▶ _Exercise objective_:
The answer must restate the records below word for word.

▬▬▬▬▬▬▬▬▬▬

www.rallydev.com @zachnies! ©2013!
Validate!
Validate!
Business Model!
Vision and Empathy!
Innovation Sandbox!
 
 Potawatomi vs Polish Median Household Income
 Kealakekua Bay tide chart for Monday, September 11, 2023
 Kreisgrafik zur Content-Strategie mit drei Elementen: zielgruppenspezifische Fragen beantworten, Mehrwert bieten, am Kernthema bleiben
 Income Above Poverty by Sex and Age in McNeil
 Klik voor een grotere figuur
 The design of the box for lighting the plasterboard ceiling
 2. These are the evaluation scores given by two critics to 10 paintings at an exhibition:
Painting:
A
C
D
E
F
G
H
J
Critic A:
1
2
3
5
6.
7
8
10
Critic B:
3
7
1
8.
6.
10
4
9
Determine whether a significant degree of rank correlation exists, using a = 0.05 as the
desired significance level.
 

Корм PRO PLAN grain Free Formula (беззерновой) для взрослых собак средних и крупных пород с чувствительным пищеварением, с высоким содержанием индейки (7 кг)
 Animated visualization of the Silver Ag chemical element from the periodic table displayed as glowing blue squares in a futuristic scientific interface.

▬▬▬▬▬▬▬▬▬▬

▶ _Response to the task_:
www.rallydev.com @zachnies! ©2013!
Validate!
Validate!
Business Model!
Vision and Empathy!
Innovation Sandbox!
 
 Potawatomi vs Polish Median Household Income
 Kealakekua Bay tide chart for Monday, September 11, 2023
 Kreisgrafik zur Content-Strategie mit drei Elementen: zielgruppenspezifische Fragen beantworten, Mehrwert bieten, am Kernthema bleiben
 Income Above Poverty by Sex and Age in McNeil
 Klik voor een grotere figuur
 The design of the box for lighting the plasterboard ceiling
 2. These are the evaluation scores given by two critics to 10 paintings at an exhibition:
Painting:
A
C
D
E
F
G
H
J
Critic A:
1
2
3
5
6.
7
8
10
Critic B:
3
7
1
8.
6.
10
4
9
Determine whether a significant degree of rank correlation exists, using a = 0.05 as the
desired significance level.
 

Корм PRO PLAN grain Free Formula (беззерновой) для взрослых собак средних и крупных пород с чувствительным пищеварением, с высоким содержанием индейки (7 кг)
 Animated visualization of the Silver Ag chemical element from the periodic table displayed as glowing blue squares in a futuristic scientific interface.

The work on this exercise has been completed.